Issue 18403

Global Names Usage Bank considered harmful - mass duplication of names

18403
Reporter: rdmpage
Type: Feedback
Summary: Global Names Usage Bank considered harmful - mass duplication of names
Priority: Major
Resolution: Fixed
Status: Closed
Created: 2016-04-14 14:32:21.602
Updated: 2017-01-17 15:54:09.922
Resolved: 2017-01-17 12:37:18.671
        
Description: The Global Names Usage Bank is filling GBIF species searches with lots of "junk. For example, a search for the mosquito _Aedes albopictus_ has 113 hits! Most of these are from GNUB, and (a) are incorrectly formed, e.g. _Aedes albopictus_ (Skuse, 1894) Skuse 1894 and (b) are the same name.

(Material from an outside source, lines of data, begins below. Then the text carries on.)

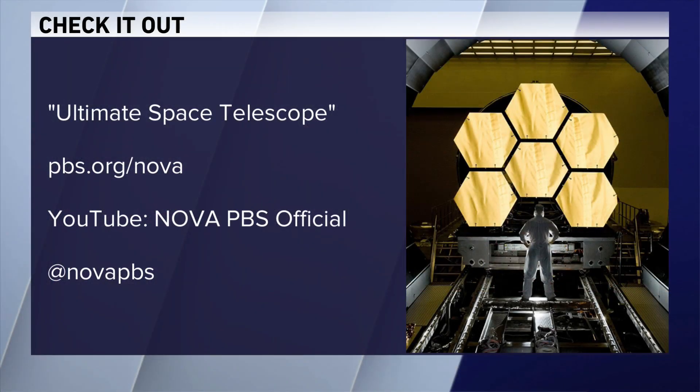You can watch Ultimate Space Telescope now at pbs.org slash Nova. You can also find it on YouTube at Nova PBS Official. Terry and Mike, thanks for being with us. Thank you.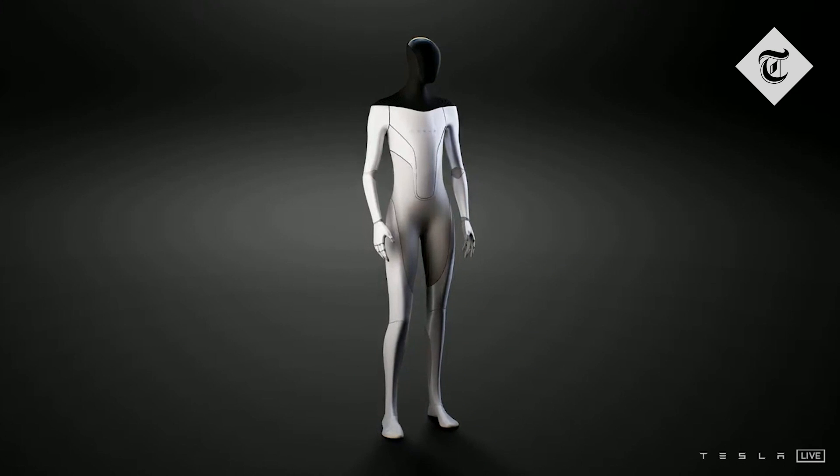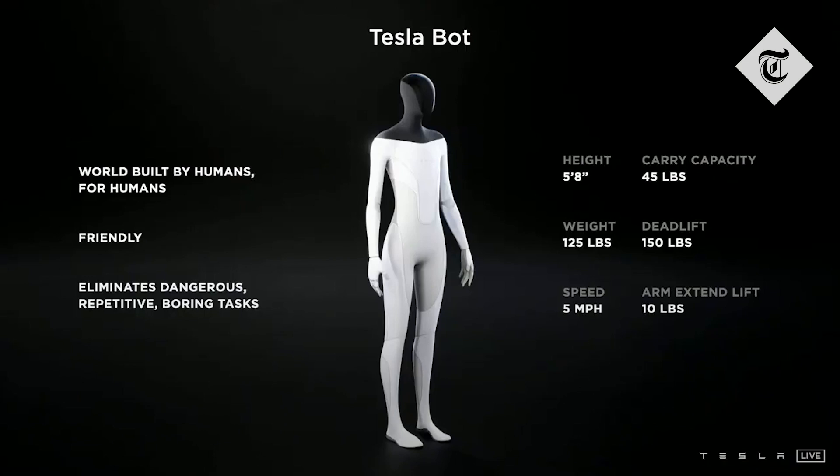It's intended to be friendly, of course, and navigate through a world built for humans and eliminate dangerous, repetitive, and boring tasks.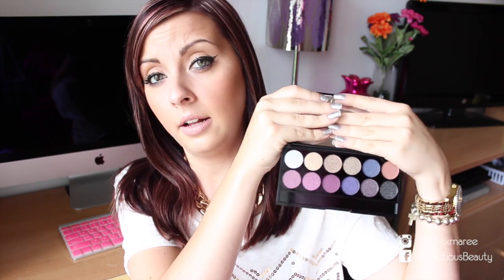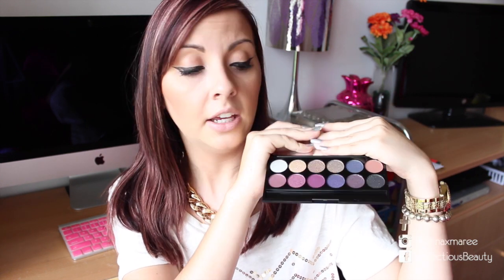My favorite drugstore eyeshadows are the Sleek Eye Divine palettes. I consider Sleek drugstore because it's not high-end. You do have to buy these online, but they are one of the best eyeshadows I've ever tried — comparable to MAC in that they are very pigmented, velvety, soft, and buttery. This whole palette costs around $11 to $12, so you get amazing value and they make you look like you spent a lot more than you did.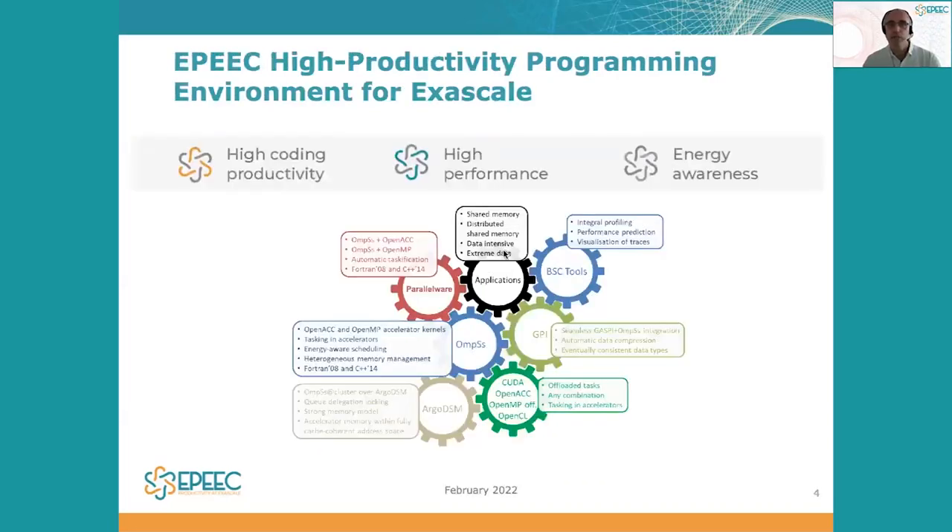The challenge of the EPIC project is to put together a programming environment that addresses high coding productivity, high performance, and energy awareness. These challenges require the integration of leading-edge software components that support all of the stages of the software development process and the performance optimization process.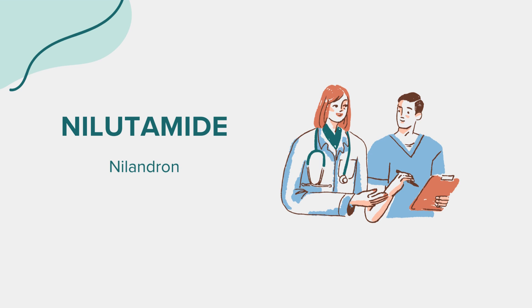A common question regarding Nylandrin is about dietary restrictions or necessary lifestyle changes while on the medication. While specific dietary restrictions aren't typically required, maintaining a healthy lifestyle and avoiding smoking can help reduce the risk of side effects and improve treatment efficacy. That concludes our discussion on niludamide, known by the brand name Nylandrin. This information is intended to educate and should not substitute for professional medical advice. Always consult with a healthcare provider for individualized advice and treatment options. Thank you for joining us.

It seems that GNUB is using a model of "names usage" where every citation of a name in a different publication is treated as a name, hence taxa with lots of citations flood the search results. This is a horrible experience for the user. A better model would be one name and a bibliography. ]]>
    


Author: mdoering@gbif.org
Comment: Agree Rod. I have asked Rich for more than a year now to correct the GNUB dataset which also contains badly linked data (its not compliant with the dwca format we use). And instead of GNUB GBIF would be much more interested to see the pure ZooBank view as a dataset on its own. Maybe we should remove GNUB until that is settled
Created: 2016-04-14 14:40:37.785
Updated: 2016-04-14 14:40:37.785


Author: trobertson@gbif.org
Created: 2016-04-14 14:49:17.294
Updated: 2016-04-14 14:49:17.294
        
I've lost all track of GN* stuff, but one of the earlier editions integrated a lot of name sources which were just wrong.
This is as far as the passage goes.